米バイオテクノロジー企業のモンサントは、RNA干渉(RNAi  *)を利用した農薬スプレーを開発していると発表しました。RNAiによって、害虫や雑草がもつ有害な遺伝子のスイッチだけをオフにできるとのことです。同社は、このスプレーのよる作用は一時的で、生物の遺伝的変化を招くことはないとし、遺伝子組み替え作物の代替になりうるともしています。記事はMIT Technology Reviewに掲載されました。この件についての海外専門家コメントをお送りします。



MIT Technology Review article: 


Dr. Jeffrey Scott

Professor, Department of Entomology, Cornell University




"The single biggest problem with conventional insecticides is their effects on non-target organisms. Using RNA interference to kill pests through sprays of double stranded RNA (dsRNA) has the potential to be species specific. This individual targeting can be achieved because genes vary enough between different species that specific dsRNA could only affect the desired pest. However, targeting single species is not guaranteed. For example, in a recent paper we showed that a spray of dsRNA from a house fly could kill Colorado Potato Beetles.

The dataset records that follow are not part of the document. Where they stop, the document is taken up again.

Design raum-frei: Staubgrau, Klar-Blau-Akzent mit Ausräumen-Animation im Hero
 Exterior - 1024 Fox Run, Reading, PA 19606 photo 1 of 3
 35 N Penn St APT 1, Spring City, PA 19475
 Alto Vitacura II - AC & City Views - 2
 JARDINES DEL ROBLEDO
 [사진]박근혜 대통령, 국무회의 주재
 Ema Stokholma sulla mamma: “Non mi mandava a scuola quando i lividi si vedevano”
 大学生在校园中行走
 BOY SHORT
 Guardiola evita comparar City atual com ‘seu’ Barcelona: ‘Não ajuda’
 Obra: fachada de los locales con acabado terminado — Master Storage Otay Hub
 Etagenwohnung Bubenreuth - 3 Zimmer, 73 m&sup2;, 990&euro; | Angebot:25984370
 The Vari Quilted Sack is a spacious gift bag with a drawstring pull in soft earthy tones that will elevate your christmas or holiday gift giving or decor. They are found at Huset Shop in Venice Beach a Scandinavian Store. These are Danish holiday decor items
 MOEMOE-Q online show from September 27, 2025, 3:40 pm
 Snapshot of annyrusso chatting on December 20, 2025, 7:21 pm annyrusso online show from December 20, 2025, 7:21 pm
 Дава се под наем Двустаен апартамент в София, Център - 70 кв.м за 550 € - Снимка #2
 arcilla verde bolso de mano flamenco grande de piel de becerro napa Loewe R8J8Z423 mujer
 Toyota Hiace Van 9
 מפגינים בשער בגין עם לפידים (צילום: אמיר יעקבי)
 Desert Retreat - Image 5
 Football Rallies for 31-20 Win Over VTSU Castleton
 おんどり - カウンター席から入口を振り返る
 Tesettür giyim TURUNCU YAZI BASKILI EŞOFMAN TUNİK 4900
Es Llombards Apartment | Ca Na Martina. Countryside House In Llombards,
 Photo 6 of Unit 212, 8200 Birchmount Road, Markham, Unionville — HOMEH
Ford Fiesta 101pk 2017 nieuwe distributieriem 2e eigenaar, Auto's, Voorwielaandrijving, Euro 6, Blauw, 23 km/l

"In some cases, conventional insecticides are used because they kill multiple insect pests.  Thus, an insecticide that targets only one species has lots of benefits, but might not be cost effective. Then there is the issue that insects always find a way to evolve resistance, and harnessing RNAi will be no different.  The relative speed with which resistance will happen is a wide open question.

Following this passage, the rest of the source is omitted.